This article will briefly discuss my understanding of the differences between the two persistence context and seam-managed persistence in EJB 3.0, the problems to be solved, and the problems I am wondering about.
Persistence context for EJB 3.0 (JPA)
When you use EJB 3.0, you will notice that there are two types of container management persistence context in EJB 3.0, one is Transaction and the other is Extended. This is a less-than-Hibernate notion that session does not have two different types, and most importantly, the session is not container-managed, and the container here refers to the APP server container. Here for the time being not to discuss the similarities and differences between persistence context and session, mainly to talk about the difference between the two persistence context. The students who have learned ORM know that when the persistence context is open, model is in the state of being managed, and when persistence is closed, model is in the Detached state.
These features are the same for the persistence context of the Transaction or Extended, except that the persistence context is opened and closed. Because in most cases the persistence context is managed by the container (if you are not too tired to control the persistence context), the code that opens or closes the persistence context is not visible in the EJB 3.0 application ( The same applies to spring + Hibernate, and Hibernate session management can be given to spring.
In fact, the difference between Transaction and Extended persistence context is also when the container opens or closes the persistence context. The opening and closing of the Transaction type persistence context is synchronized with the opening and closing of the transaction. That is, the persistence context begins after a transaction is started, and the corresponding persistence context is closed when the transaction is closed.

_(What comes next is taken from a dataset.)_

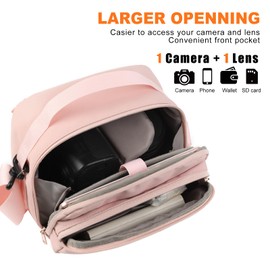 TULLIO Besnfoto Camera Bag Small Purse Crossbody Camera Shoulder Case Waterproof Canvas Cute Compact Photography Bag for Mirrorless DSLR SLR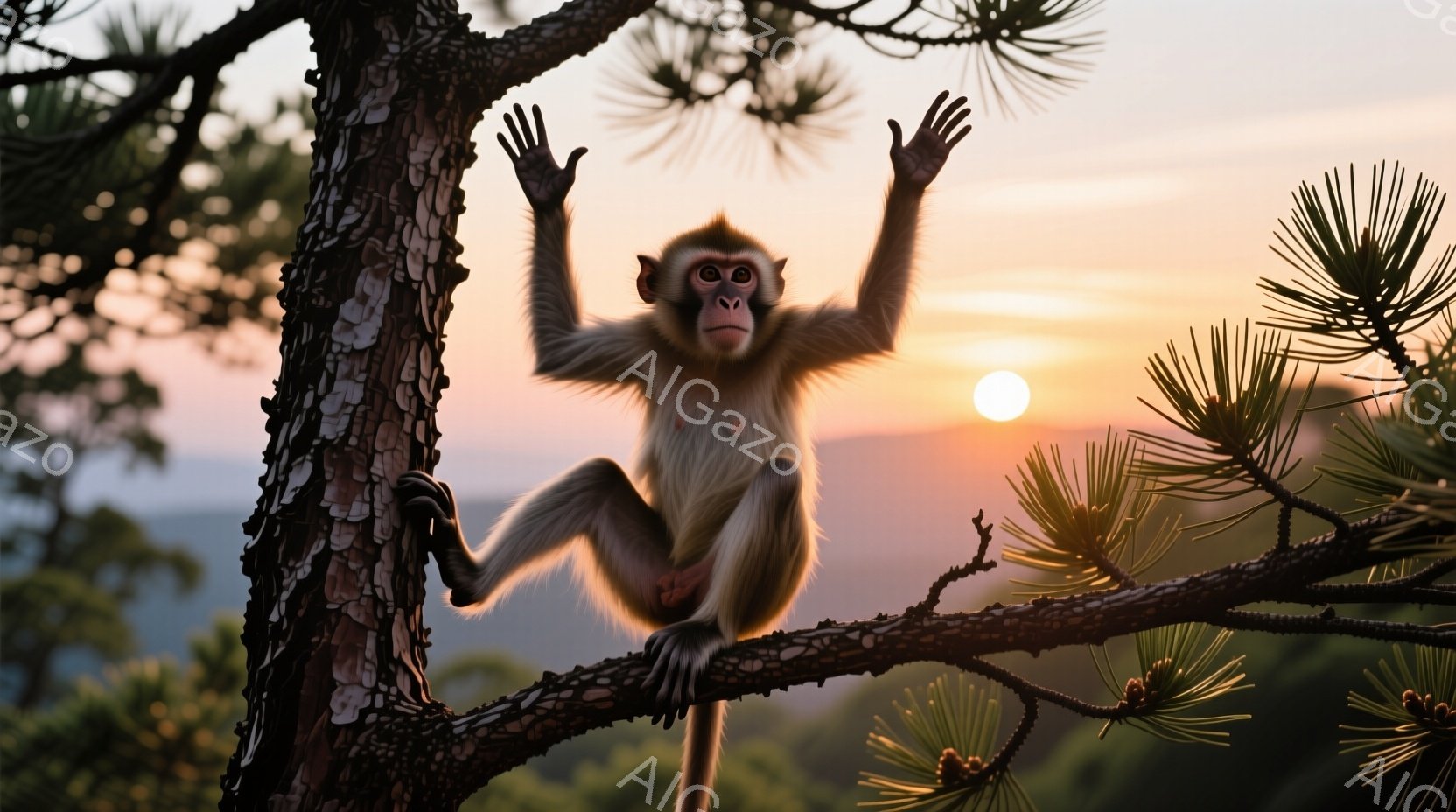 木の枝に座っている猿が描かれており、両腕を高く上げて楽しげな様子を見せています。背景は夕焼けの空で、オレンジ色と赤色のグラデーションが美しく、遠くには山々が見えます。全体的に、平和で穏やかな雰囲気を感じさせます。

The opening and closing of the Extended type persistence context is synchronized with the lifecycle of the Stateful session Bean and is spanned by transactions. That is to say, the persistence context exists from the initialization of the SFSB until it is destroyed. You can perform a write operation outside of a transaction, but this does not perform a real database operation, the write operation is only placed in the queue until the next transaction, the write operation is actually executed. The difference between the two is simply that the Extended persistence context exists for a longer time. So why should there be two different persistence context?
When a WEB request arrives, the server opens a thread that might invoke a transaction method, a transaction that begins, and when the request ends, the thread closes and the transaction ends. Because the life cycle of the Transaction type persistence context is within the transaction scope, the end of a WEB request also means that the corresponding persistence is closed. Since most Web applications can complete a separate operation within a single Web request, the persistence context of Transaction is applicable in most cases. But for some complex applications, one operation needs to span multiple requests. In this case, if you still use the persistence context of transcation, because each request is completed, the corresponding persistence context are closed, the corresponding Model will become Detached state. If the next request still needs the Model that has changed to Detached state, the load will need to be renewed using the merge () method to persist. A slight discomfort will result in lazyinitializationexception and nonuniqueobjectexception. This also increases the complexity of the operation.
If you use the Extended persistence context, you can solve these problems. Because the life cycle of the Extended persistence context is synchronized with the SFSB lifecycle, so long as multiple requests are made to the same SFSB method, how many times the request, the persistence is always the same, where the Mo Del is also always managed. It solves the problem of transmission between the persistence context online, and there is no lazyinitializationexception and nonuniqueobjectexception problem.